** Problem requirements **
Print the records below exactly, from the line containing "Cavallo che salta" down to the line containing "Vintage Teppich, 5,1x5,3", both lines included, and omit every picture.

** Materials provided **
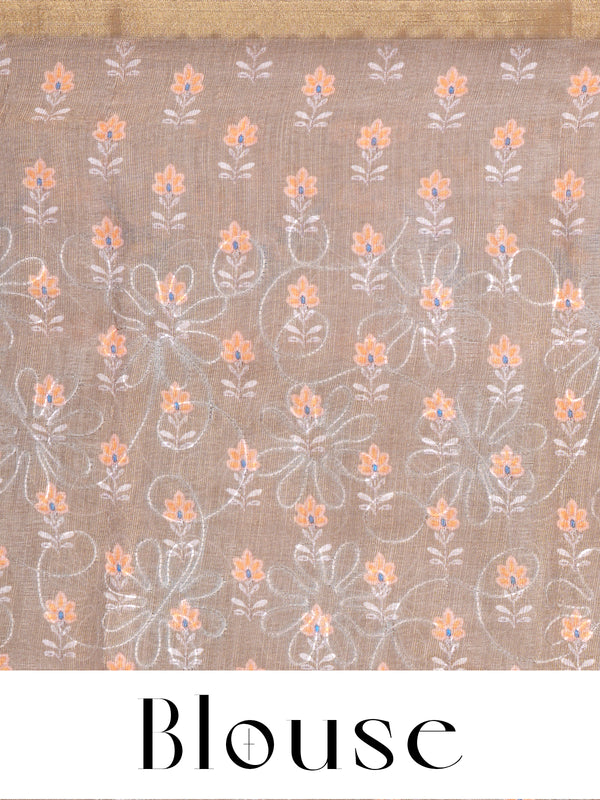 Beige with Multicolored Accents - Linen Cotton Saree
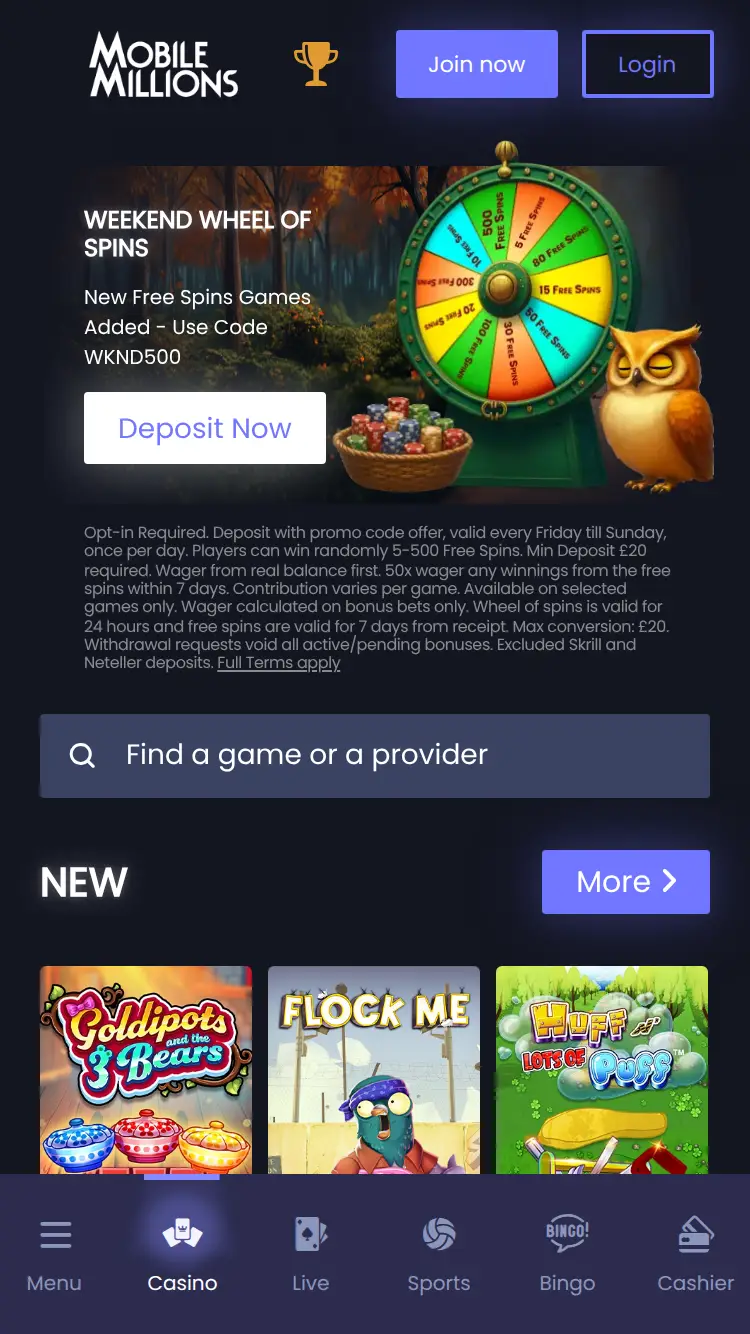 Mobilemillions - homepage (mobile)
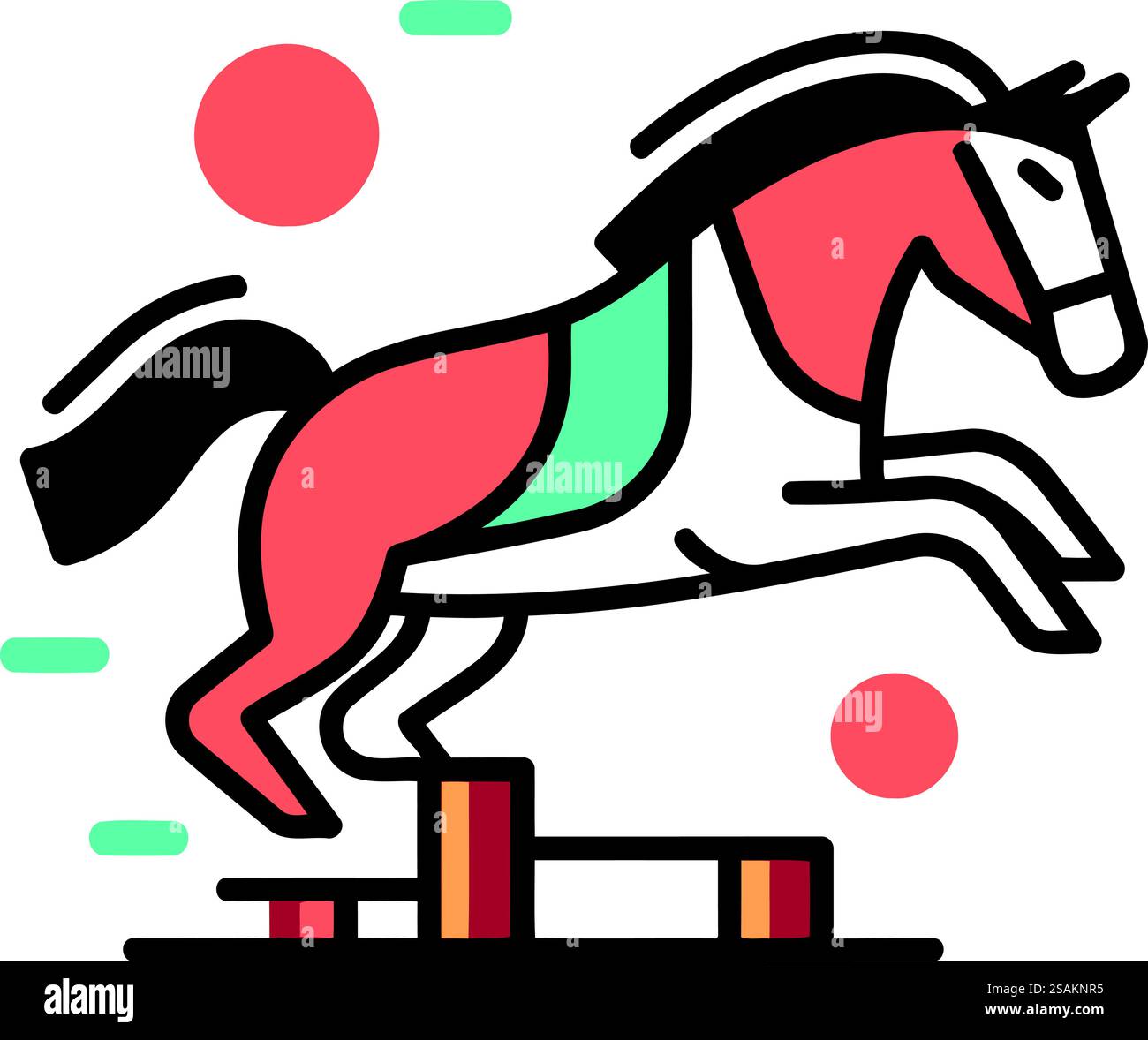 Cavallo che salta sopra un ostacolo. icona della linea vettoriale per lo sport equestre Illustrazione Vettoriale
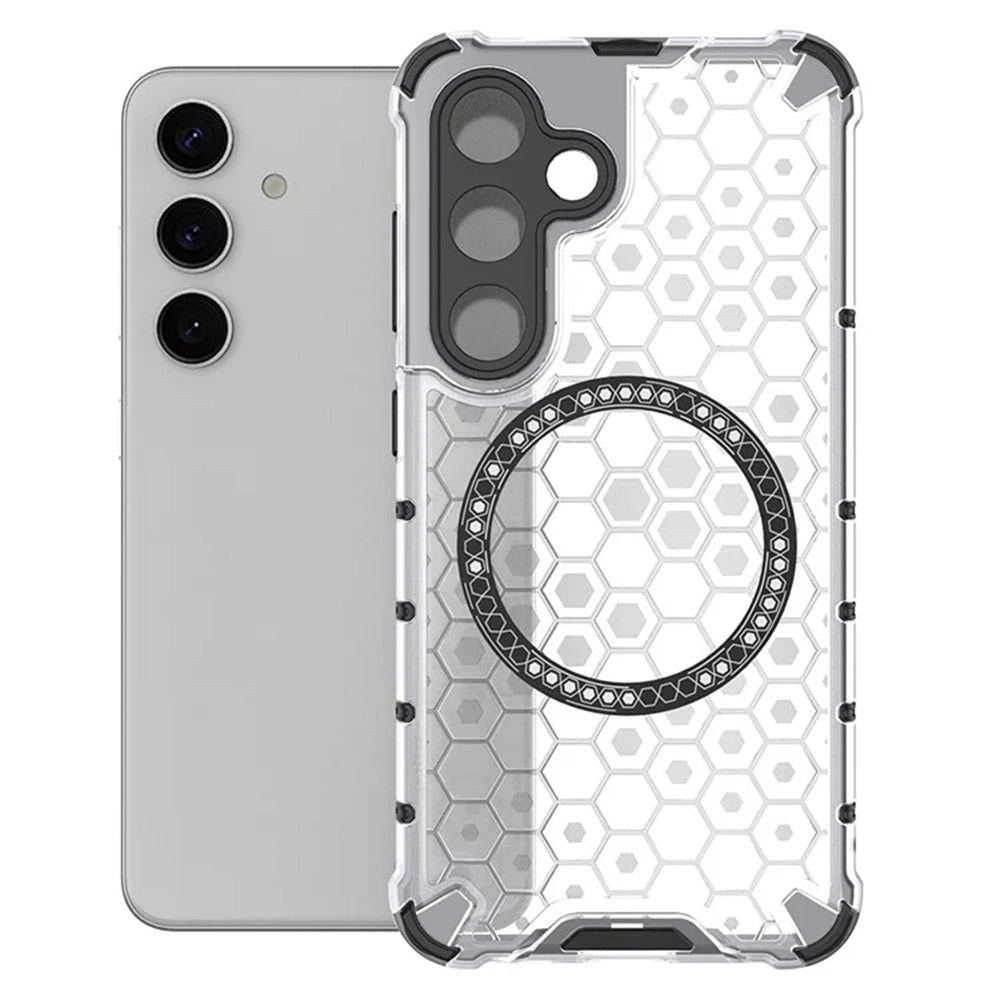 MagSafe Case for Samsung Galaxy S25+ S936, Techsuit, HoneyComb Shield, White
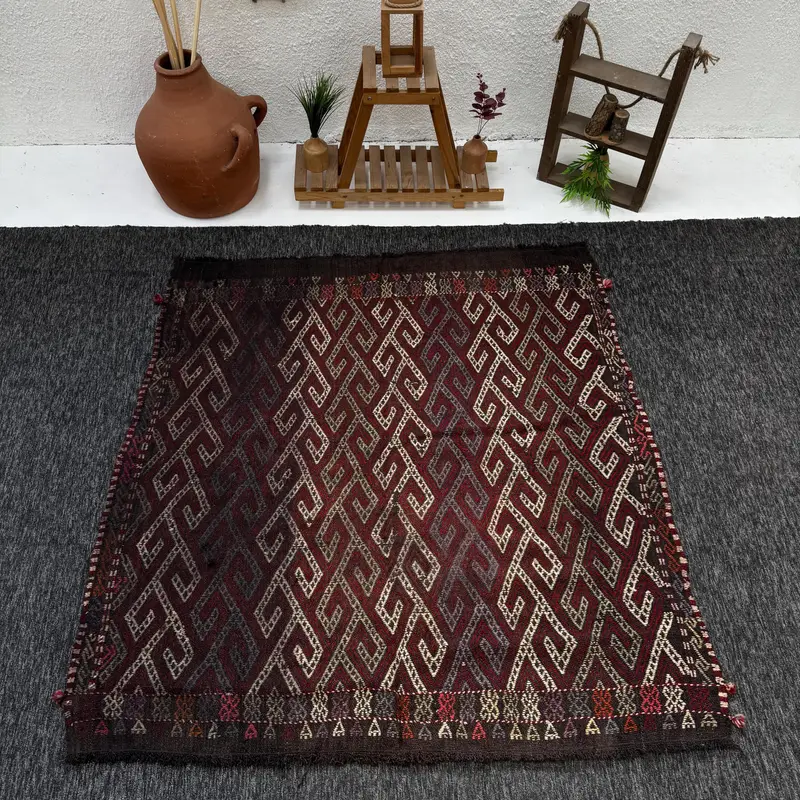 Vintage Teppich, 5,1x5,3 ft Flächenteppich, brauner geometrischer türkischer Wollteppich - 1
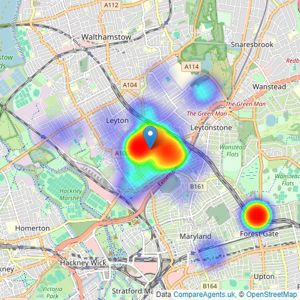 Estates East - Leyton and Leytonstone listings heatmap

** Response to the task **
 Cavallo che salta sopra un ostacolo. icona della linea vettoriale per lo sport equestre Illustrazione Vettoriale
 MagSafe Case for Samsung Galaxy S25+ S936, Techsuit, HoneyComb Shield, White
 Vintage Teppich, 5,1x5,3 ft Flächenteppich, brauner geometrischer türkischer Wollteppich - 1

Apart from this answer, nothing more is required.